Actually, it doesn't matter when the committee spent the money at this point. Even if these items (the signs and newspaper ads) weren't paid for until a day after the interview (or a day after the election), the law states that campaign disclosure reports must be filed if $1,000 is anticipated to be spent.
Clearly, Godfrey was either lying to the public, or, he didn't know what was really going on with his own committee.
Let me give Godfrey the benefit of the doubt. Maybe he wasn't lying. Maybe he didn't really know who was doing what in his committee. Maybe he didn't authorize the newspaper ads or signs. Maybe he didn't know how much his group was spending. Maybe he didn't know how much it was planning to spend. Maybe he didn't know where the money was coming from.
The problem with this is that if I give Larry Godfrey the benefit of the doubt, what Miki Gudermuth says about the whole thing doesn't make sense. After all, it was Miki Gudermuth who wrote a letter to the editor, printed Nov. 30, that said: "We (the committee leaders) were not innocent people who were being `used' to do the work of factions who want to undermine the present city council through a `power play struggle.' ... Anyone that helped us in our endeavor came at our request, because to fight with money, in this day and age of upper income rule, you must have money .... `We went to them.' We are not puppets on a string."
What Gudermuth, in effect, says in her letter is that "we" (the committee) were in control. "We went to them." We knew exactly what we were doing.
If that's the truth, then did she know that the committee had already spent over $1,000? She was its treasurer. Did she go to these monied people because she knew the committee was going to need even more (because it had already spent well over $1,000)? If the "we" she talks about had control, then isn't she, in effect, painting Godfrey a liar?
But this mish mash of truth doesn't stop here. Let's look even closer at the finances.
In her letter to the editor, Gudermuth writes: "When Curtis Smith filed charges (that the committee had violated campaign finance laws), we had not even reached $800 in in-kind or monetary contributions." This draws forth a new question. Should we the public believe Gudermuth in what she wrote in this letter? Or, should we believe what she wrote in the official campaign report, where she discloses that $1,590 was paid by the committee on Oct. 26 to Red Letter Communications for radio ads two days before Curtis Smith filed his charges.
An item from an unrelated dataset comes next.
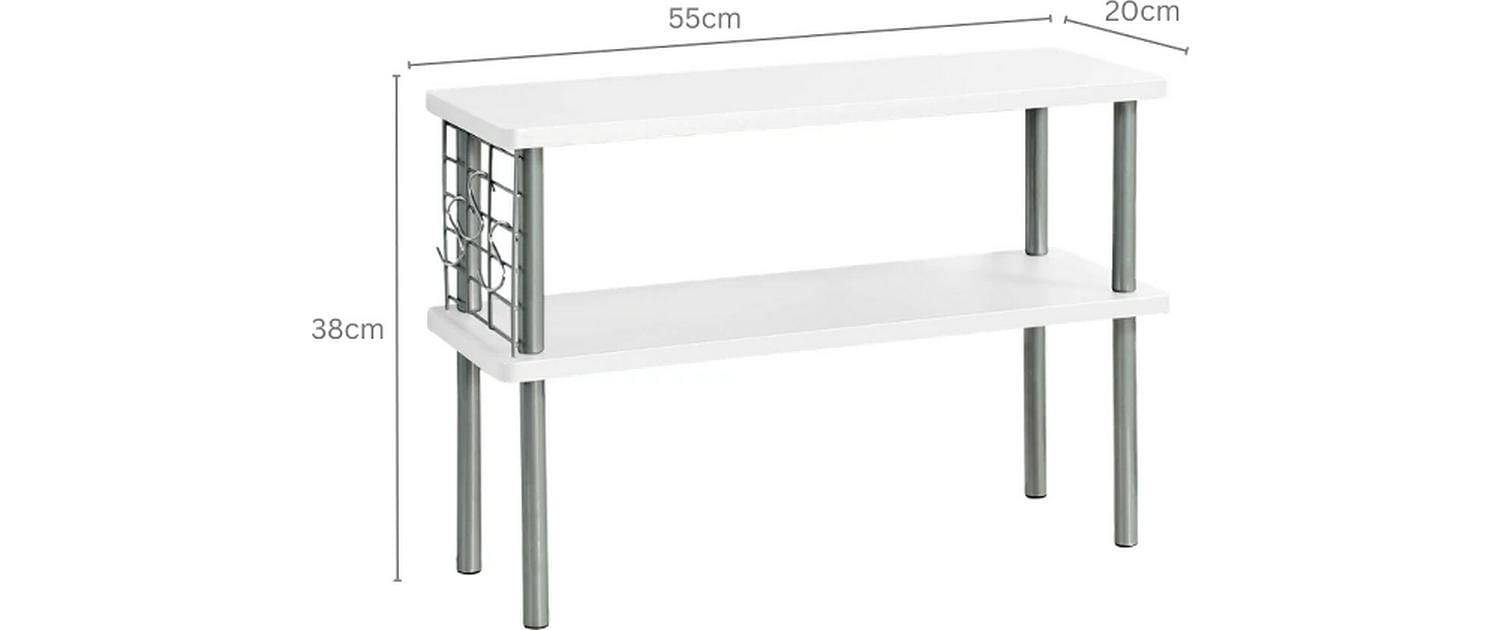 Kesper Küchenregal 2 Etagen, 55 × 20 × 38 cm, Metall/MDF, Weiss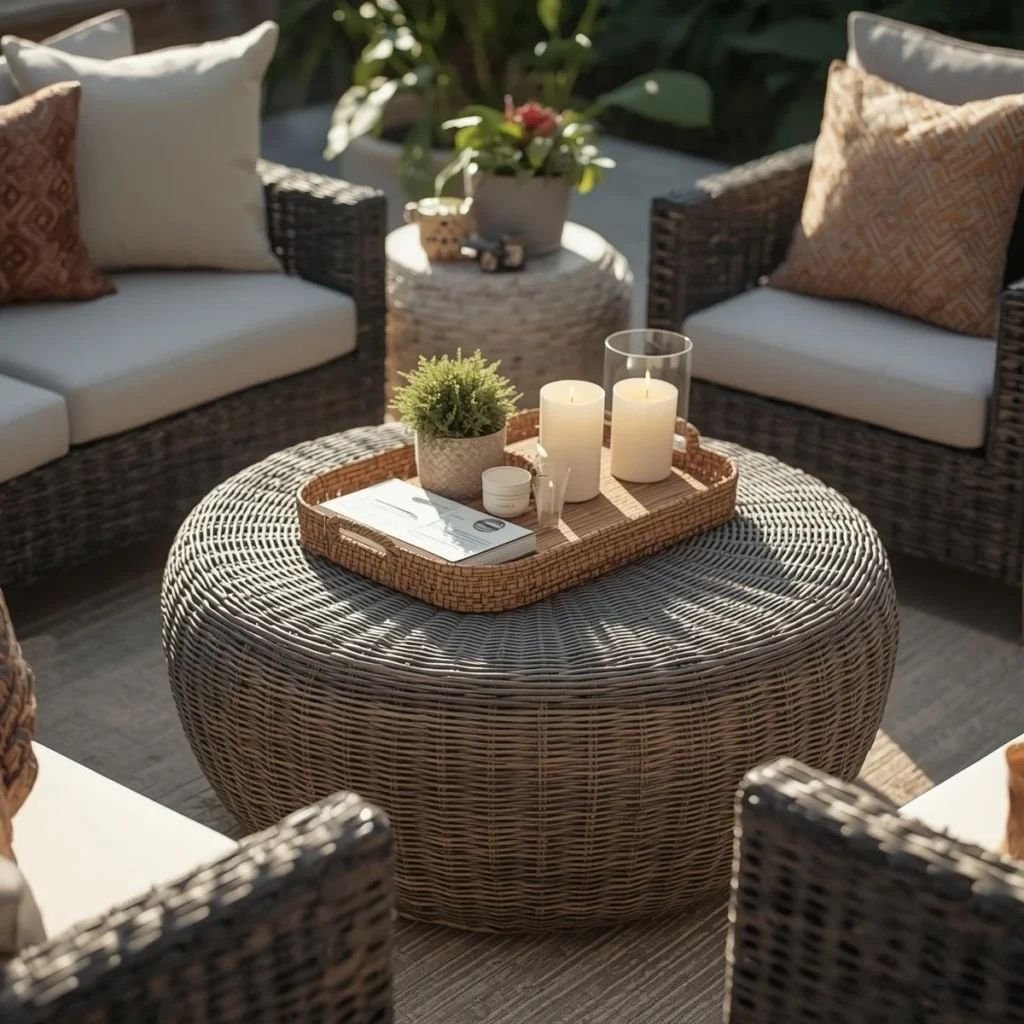 Outdoor Round Coffee Table Wicker, Rattan, or Metal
So where is she wrong? In her letter to the editor or in the official finance report? Or both?
Actually, I'd like to give Gudermuth, Godfrey and the whole committee the benefit of the doubt. Maybe they didn't mean to lie, or didn't know they were lying, or maybe didn't understand what was going on around them. Maybe they didn't intend to spend over $1,000, they just accidentally did, and thank God benevolent Cape Girardean Jim Drury came to their rescue with a no-strings attached gift of $2,100 (four days before the election). Maybe Drury didn't tell them ahead of time that this money would be coming. Maybe Gudermuth, Godfrey and the committee just overspent $2,000 out of poor management. Maybe they just got so caught up in the cause that laws didn't matter anymore. Maybe that's how we should run city government (as this committee seems to recommend): To hell with the law!
Maybe.
Maybe not.
One thing is clear, though. Something's rotten in Cape Girardeau.